Auteur : LazloSprand
Date de création : 23-11-2008
 
posté le 05-10-2009 à 12:54:34

Nouvelle(1)

            Sa maison était une petite bâtisse en bordure d’une petite route de campagne dans la lande anglaise dans la banlieue de Liverpool. L’entretient de la toiture aurait pu être plus poussé mais la majorité des travaux essentiels semblaient faits. J’entrais donc en notant néanmoins l’état de l’encadrement de la porte.

« Voulez-vous une tasse de thé, un café ? »

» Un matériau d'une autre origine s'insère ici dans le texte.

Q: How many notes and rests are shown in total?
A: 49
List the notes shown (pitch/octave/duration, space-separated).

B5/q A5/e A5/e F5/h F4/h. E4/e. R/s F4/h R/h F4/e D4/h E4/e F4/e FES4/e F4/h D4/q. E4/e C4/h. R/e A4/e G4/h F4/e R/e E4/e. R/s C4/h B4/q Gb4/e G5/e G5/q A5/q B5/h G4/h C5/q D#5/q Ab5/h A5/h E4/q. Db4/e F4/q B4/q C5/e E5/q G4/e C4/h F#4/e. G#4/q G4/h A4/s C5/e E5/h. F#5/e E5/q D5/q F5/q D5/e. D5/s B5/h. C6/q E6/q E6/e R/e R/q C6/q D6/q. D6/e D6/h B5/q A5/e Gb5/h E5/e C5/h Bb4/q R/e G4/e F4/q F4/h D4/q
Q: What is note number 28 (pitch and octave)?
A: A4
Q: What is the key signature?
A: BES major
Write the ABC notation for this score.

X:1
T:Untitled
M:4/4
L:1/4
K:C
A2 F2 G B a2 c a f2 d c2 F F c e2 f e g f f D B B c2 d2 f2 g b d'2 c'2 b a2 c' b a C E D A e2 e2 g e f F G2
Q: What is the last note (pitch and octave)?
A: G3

            Je refusais le plus poliment possible d’un geste de la main. Elle m’invita à m’asseoir dans le salon pendant qu’elle finissait de ranger la vaisselle du petit-déjeuner. Je respectais religieusement un instant de silence et de concentration avant de pousser la porte. Il était là. Ses longs cheveux blancs entourant de neige ses larges épaules. Un masque était fixé à son visage pour le faire respirer, tout un attirail d’instruments et de matériels médicaux fonctionnait autour de lui pour obliger la vie à ne pas l’abandonner. Une guitare folk gisait, posée au pied du lit d’hôpital qui avait été aménagé. Je reconnu au premier coup d’œil la Nash NH55 qu’il avait utilisé lors du mythique concert d’Appel Studio le 6 juin 2012. Mais lorsque j’entrais dans ce salon, Paul Wyss n’était plus que l’ombre pitoyable du génial guitariste et leader des Jeff’s. Ce musicien talentueux souvent considéré comme l’un des meilleurs de sa génération était là devant moi sans y être vraiment. Depuis qu’une voiture l’avait fauché devant les studios d’Abbey Road le 8 décembre 2014, il demeurait prisonnier d’un coma qui durait depuis près d’un an.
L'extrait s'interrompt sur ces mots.